In a phone interview Tuesday with Italian journalist and TV host Maurizio Belpietro, he said everyone had tried their best to help their country.
"The difference this time is that we weren't able to see through to the end and win," Berlusconi said.
He acknowledged that the confused result has done nothing to help market confidence.
But, he added, "I don't think Monti will be able to form any type of coalition with his policy of austerity and his dangerous economic policies that have hurt Italy."
Unless either Bersani or -- even less likely -- Berlusconi can persuade Grillo to enter an alliance, their options are limited.
Grillo, the 64-year-old known as the "clown prince" of Italian politics, has been outspoken in his criticism of Berlusconi and other politicians in the three years since he founded his party, known as M5S.

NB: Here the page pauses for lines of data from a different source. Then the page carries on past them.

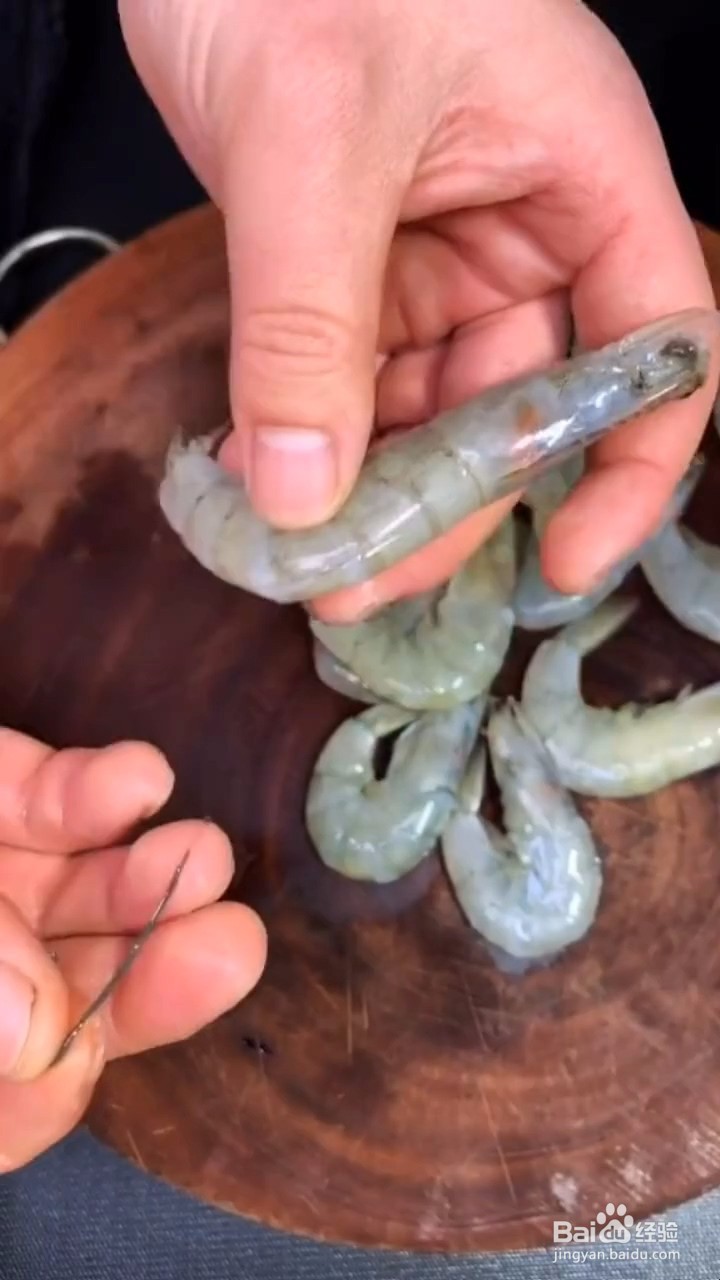 如何制作酸酸甜甜的油焖大虾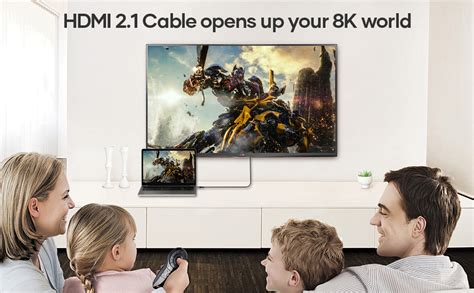 Cable HDMI conectado a un televisor 8K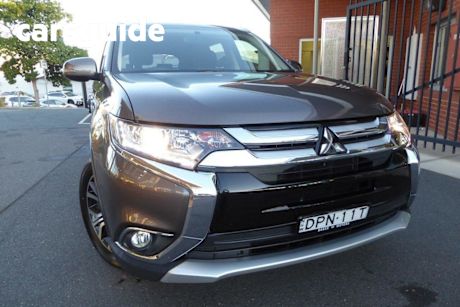 Brown 2017 Mitsubishi Outlander Wagon LS (4X4)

CNN iReporter Elisa Bozzi, an Italian art curator, said she was very disappointed by the outcome of the election.
"Yesterday when I saw the result I was completely without words," she said. "I think we in Italy will go again to vote because it's impossible to govern a state in this situation, (where) we don't have a majority."
She believes many voters hold Monti responsible for Italy's current debt crisis without remembering the dire economic situation he inherited when Berlusconi resigned in 2011. At the same time, Bersani failed to gain people's confidence, she said.
"Beppe Grillo has many votes because people are angry and frustrated," Bozzi said. "People in Italy are completely disappointed by the situation we see day-by-day, by corruption, scandals."
Such is voters' disillusion that Bozzi believes Grillo could garner enough votes in fresh elections to win outright.
Berlusconi, the septuagenarian playboy billionaire nicknamed "Il Cavaliere," campaigned as a Milan court weighed his appeal against a tax fraud conviction, for which he was sentenced to four years in jail last year.
The verdict has still to be delivered; however, under the Italian legal system, he is entitled to a further appeal in a higher court.
Because the case dates to July 2006, the statute of limitations will expire this year, meaning there is a good chance that none of the defendants will serve any prison time.
Italian parliamentarians are elected for five-year terms, with the current one due to end in April.
But in December, the PdL withdrew its support of the reformist government led by Monti, saying it was pursuing policies that "were too German-centric."
Monti subsequently resigned, and the parliament was dissolved.
Italy's economy has stagnated for years, and suffered the biggest contraction of any G7 nation in 2012 -- it shrank by 2.2%. Last week, the European Commission said it would contract by a further 1.0% this year, double the rate it had previously forecast.
Meanwhile, unemployment will rise to 11.6% in 2013, according to the European Commission, and then 12% next year.